Treatment sites (red) are inside the LEZ boundary. Control sites (blue) are outside. Click any marker for site details. The LEZ boundary is shown as a shaded polygon.
| City | Treatment sites | Control sites | LEZ area | Enforcement |
|---|---|---|---|---|
| Edinburgh | 2 (EDNS, ED3) | 3 (ED11, ED5, ED9) | ~3.1 km² | Jun 2024 |
| Glasgow | 2 (GHSR, GLA4) | 4 (GLA5, GLA6, GLKP, GLA7) | ~2.6 km² | Jun 2023 |
| Aberdeen | 2 (ABD0, ABD3) | 3 (ABD9, AD1, ABD8) | ~0.9 km² | Jun 2024 |
| Dundee | 3 (DUN6, DUNM, DUN5) | 3 (DUN4, DUN1, DUN7) | ~0.5 km² | May 2024 |
Site classifications verified against SAQN metadata and checked against Transport Scotland LEZ boundary polygons in a spatial sensitivity analysis. Aberdeen's treatment sites are near the narrow zone boundary; conclusions are robust under strict spatial reclassification.
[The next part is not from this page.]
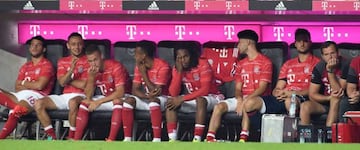 Renato Sanches (C) of Bayern Munich on the bench during the German Bundesliga season opener match Bayern Munich vs Werder Bremen in Munich, Germany, 26 August 2016.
Data source: Scottish Air Quality Network hourly observations.
| City | ρ₁ | Block | DiD Effect | 95% CI | p-value | PT p |
|---|---|---|---|---|---|---|
| Edinburgh | 0.62 | 16d | −3.77 µg/m³ (−21%) | [−8.06, +0.02] | 0.051 | 0.73 |
| Glasgow | 0.66 | 18d | −1.58 µg/m³ (−5%) | [−7.76, +4.55] | 0.638 | 0.12 |
| Aberdeen | 0.37 | 9d | −2.95 µg/m³ (−12%) | [−6.08, +0.40] | 0.087 | 0.74 |
| Dundee | 0.48 | 12d | −1.68 µg/m³ (−6%) | [−5.55, +2.17] | 0.381 | 0.18 |
| City | Full day | Morning rush | Evening rush | Overnight | Pattern |
|---|---|---|---|---|---|
| Edinburgh | −3.77* | −3.53 | −6.57** | −1.90 | Traffic |
| Glasgow | −1.57 | −1.81 | −2.90 | −0.65 | None |
| Aberdeen | −2.93 | −3.63 | −2.72 | −2.76* | Non-traffic |
| Dundee | −1.67 | −1.67 | −2.63 | −0.53 | None |
* p < 0.05 ** p < 0.01. All effects in µg/m³. Block bootstrap, 10,000 resamples. PT = parallel-trends pre-period slope comparison p-value (higher = better; all cities pass).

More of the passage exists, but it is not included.